On ne reviendra pas non plus sur un autre film digne des plus grands éloges, La Chine est encore loin de l’Algérien Malek Bensmaïl, passionnante évocation de la mémoire des luttes de l’indépendance dans l’Algérie actuelle : le film a été distribué en France, où il a reçu un accueil justement élogieux.
Deux véritables découvertes en revanche. La première est un film de fiction égyptien, réalisé par un jeune cinéaste très prometteur, Ahmed Abdalla. Microphone est construit sur un principe connu, pour ne pas dire rebattu, celui du portrait d’une grande ville à travers la circulation croisée de multiples personnages. Rien de tel qu’un schéma prévisible pour constater très vite l’originalité et le sens cinématographique d’un réalisateur : dans Alexandrie sillonnée par rappeurs, petits voleurs, étudiants, grapheurs, oisifs, suractifs ou combinards, Abdalla déclenche une chorégraphie énergique et précise, laquelle donne vie à chaque plan et une très réjouissante puissance à l’ensemble. Inattendu, souvent drôle, parfois tendu à l’extrême, son film réalisé évidemment avant les événements du printemps égyptien raconte avec une justesse à fleur de peau un état de la ville, et de la société, aux antipodes de l’artificiel et complaisant Immeuble Yacoubian, sociologie appliquée et qui n’aidait à rien comprendre.

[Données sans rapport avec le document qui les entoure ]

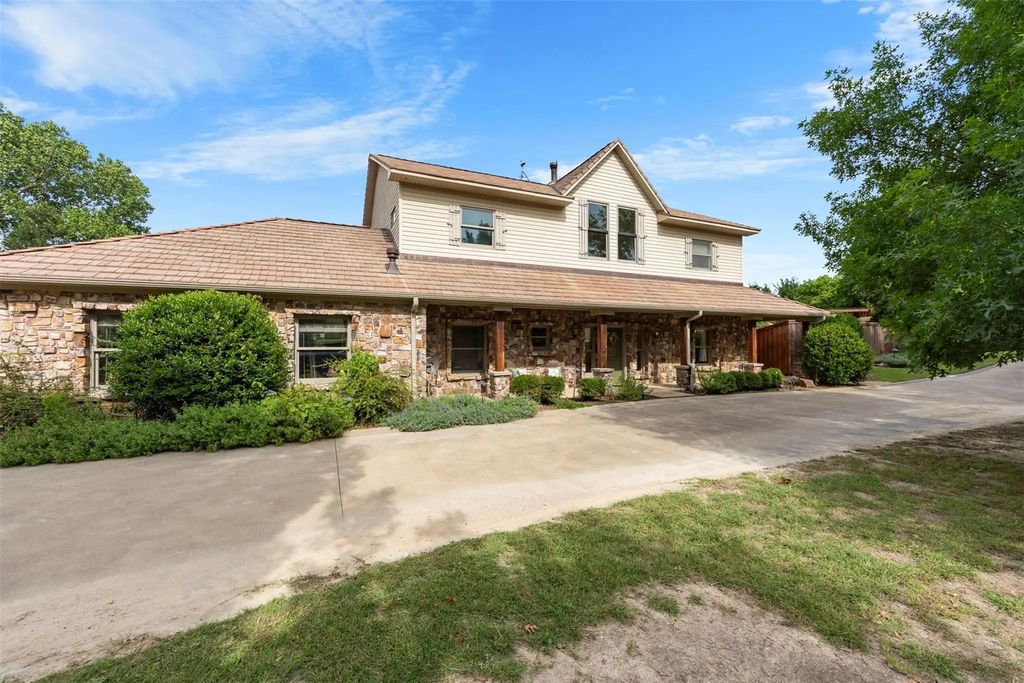 168 Mesa Grande Drive, Fort Worth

L’autre film, Blagues à part (dont il a déjà été fait mention sur slate), est un documentaire tourné par une jeune française, Vanessa Rousselot, auprès des Palestiniens, dans les territoires et avec ceux qui vivent en Israël. A des gens rencontrés souvent dans la rue, ou au hasard de visites, la réalisatrice a demandé de raconter les blagues qui ont cours chez eux. L’idée de décaler ainsi l’interminable chronique doloriste et violente de la détresse palestinienne soumise depuis plus de 60 ans à l’oppression, la dépossession et l’exil, est en soi excellente. Ne serait-ce que parce qu’elle réinterroge les stéréotypes, aussi bien les nôtres, spectateurs occidentaux abreuvés des mêmes représentations depuis si longtemps, que celles des Palestiniens eux-mêmes, ayant intériorisées leur positons de victimes ou d’opposants farouches, au risque de faire disparaître ce qui est le tissu de la vie même, d’un jour le jour inévitablement plus complexe et contrasté, sans bien entendu faire disparaître pour autant cette ombre sinistre qui obscurcit la vie de millions de gens depuis si longtemps.

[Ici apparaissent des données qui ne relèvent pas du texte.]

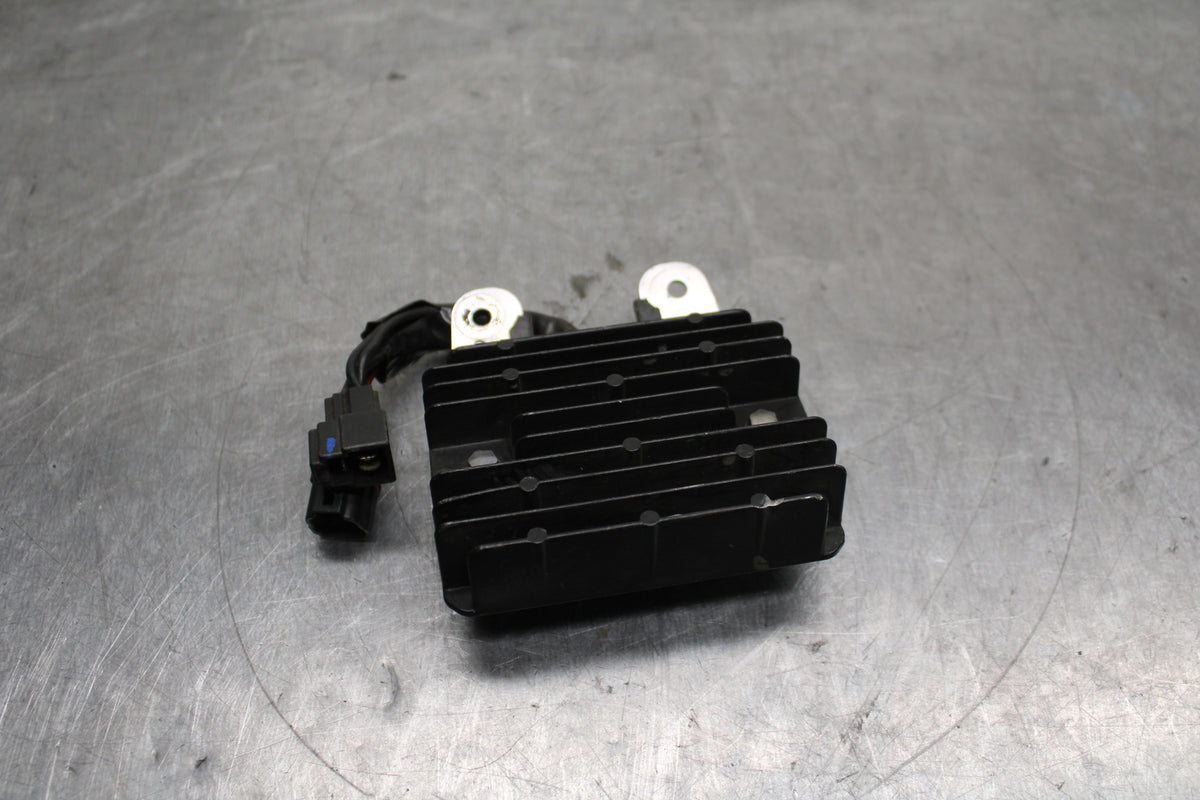 08-10 SUZUKI GSXR 600 RECTIFIER VOLTAGE REGULATOR BB130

Mais la réussite de Blagues à part va bien au-delà de son programme. Avec un très juste sens cinématographie, la réalisatrice laisse dériver les situations qu’elle a enclenché, les réponses à côté, les irruption d’autres rapports à la réalité et au langage, l’apparition improbable d’un vieux monsieur qui collationne méthodiquement les blagues palestiniennes classées par époques, lieux et situations politiques dans des boites d’archives, les silences comme les fous rires qui empêchent le récit, construisent un monde mental où règne le désespoir, mais qu’habitent des vivants, hommes, femmes, adolescents, vieille dame bouleversante, et non des « figures » assignées à un rôle ou une fonction (fut-ce celle de raconter une blague).
Libérateur, le rire ne l’est évidemment pas au regard de l’enfermement et de l’injustice –mais la question du rire se révèle au moins libératrice d’une manière nouvelle pour le cinéma de regarder ce qui existe. Diffusé seulement à la télévision (sur Planète, qui l’a coproduit), Blagues à part n’est jamais sorti en salles. C’est bien regrettable.